Maddie's POV
I'm outside a cafè waiting for Deanna and Pauline. The song playing on the radio keeping me entertained. What could they be doing? I've been waiting for 15 minutes. She texted Bea but my best friend asked me to pick them up.
I gladly obliged, and I'm glad Bea wasn't suspicious. Pauline is upset because of what happened earlier, since it's only Deanna she is with I can make it up to her.
A memory came to me because of too much thinking. A scenario from the past that I don't want to remember, especially now that I've admitted quite a few things to myself.
Thinking about it now made me realize how hurt I am during that time, I was just being in denial.
Flashback
We're currently in the Gaston's front yard.
Therese looks so sad and my eyebrows are creased because I don't understand why. As far as I know nothing happened to make her this upset. We're all excited actually, because it's already summer which only means one thing: vacation!
But looking at my best friend now, it's like we're already at the last day of summer. I looked around, the rest of my friends doesn't look as lost as I am.
They know something that I don't. The feeling I am having isn't so good also. Like something is about to happen that will affect us.
I don't think we can handle another problem. A lot is going on right now.

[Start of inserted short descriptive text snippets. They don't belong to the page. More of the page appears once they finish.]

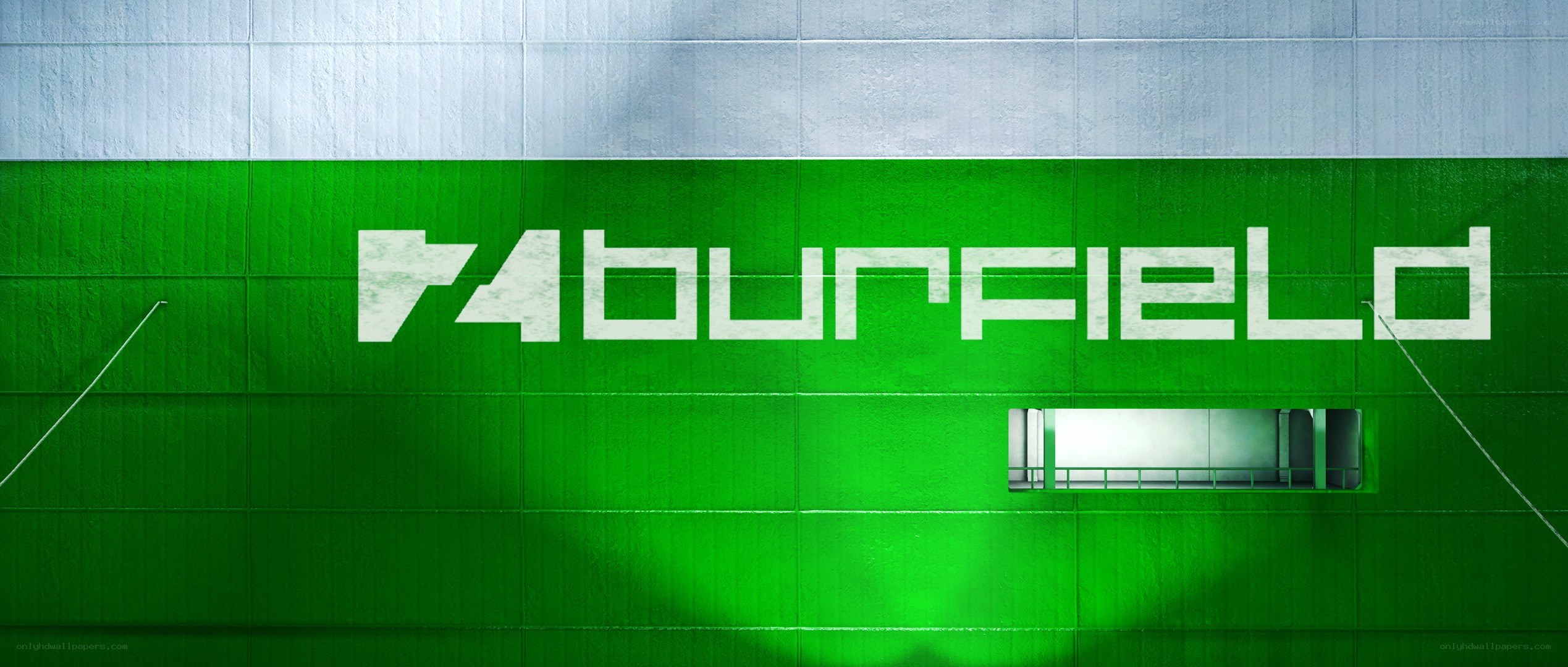 Burfield logo on green wall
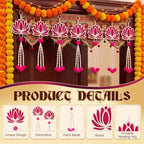 6 Pcs Lotus Hanging Decoration for Pooja Indian Ganpati Garlands Decor - Image 3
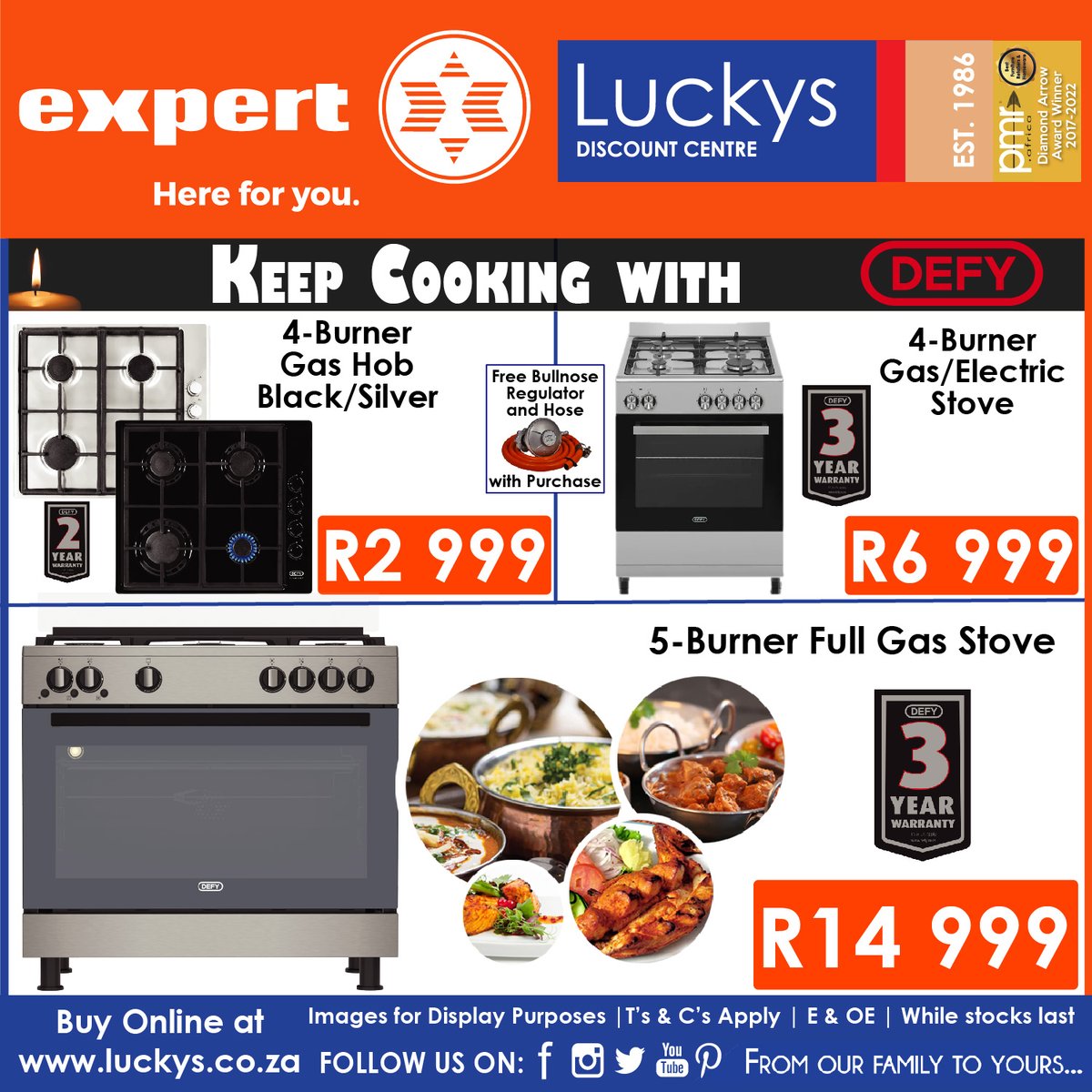 Don't let load-shedding get in the way of your love for cooking. Upgrade to a Defy Gas Hob or Stove and enjoy uninterrupted meals.
Explore our special deals and shop online today!
bit.ly/luckys-featured
T&amp;C's Apply | E&amp;OE | Online &amp; In Store | While Stock Lasts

We have to there for our ate's, especially ate Ly.
Foot steps and voices are heard from the inside, Therese looks like she's in the verge of crying. Man, this is so confusing.
Pauline and ate Denise's luggage made me even more confuse. I have an idea already but my mind isn't liking it.
Therese stood up and hugged her sisters. She started crying and my heart started to break into pieces. Because of seeing my best friend crying? Or because of another reason I don't want to address?
"Remember all the things I told you, girls. You can always come home. Always call, with or without problems. Okay?" Tita said and kissed her daughters on their forehead. Her eyes are teary but she's doing her best not to cry.
"My princesses, stay here with daddy." He said playfully and enveloped them both in a hug.
"Ate, Pongg, always call me, ha? Tell me all about the adventures you'll both have while I'm not with you guys." My best friend wiped her tears and smiled despite her sadness.
I wish I can smile too, like Tey. But I am frozen in my seat. Bea and Jirah hugged ate Denise, they patted Pauline's head and hugged her as well.
"Don't replace ate Bae, okay?" Bea teased.
"Of course, ate. I will miss you."
I watch her as she hugs my best friends for the last time, well not really last, I don't know when she'll be back. How would I? When I've no idea she's leaving, in the first place.
There's a tingling pain all over my body but why? Why do I feel so sad and broken? I can't even utter a word because of the big lump that formed in my throat. I want to tease her for the last time, but I'm afraid my voice will crack if I speak.
Why? Why do I feel hurt knowing she doesn't care enough to tell me that she will be gone? Does she really mean it every time she tells me she hates me?
Why does it feel nauseating knowing she won't be here anymore? We will celebrate birthdays, Christmas and new years without her here. And I'm not so excited about vacation like I am earlier. Every important occasions won't be the same anymore. It won't be the same because after fourteen years she won't be here. She won't celebrate her upcoming fifteenth birthday with us.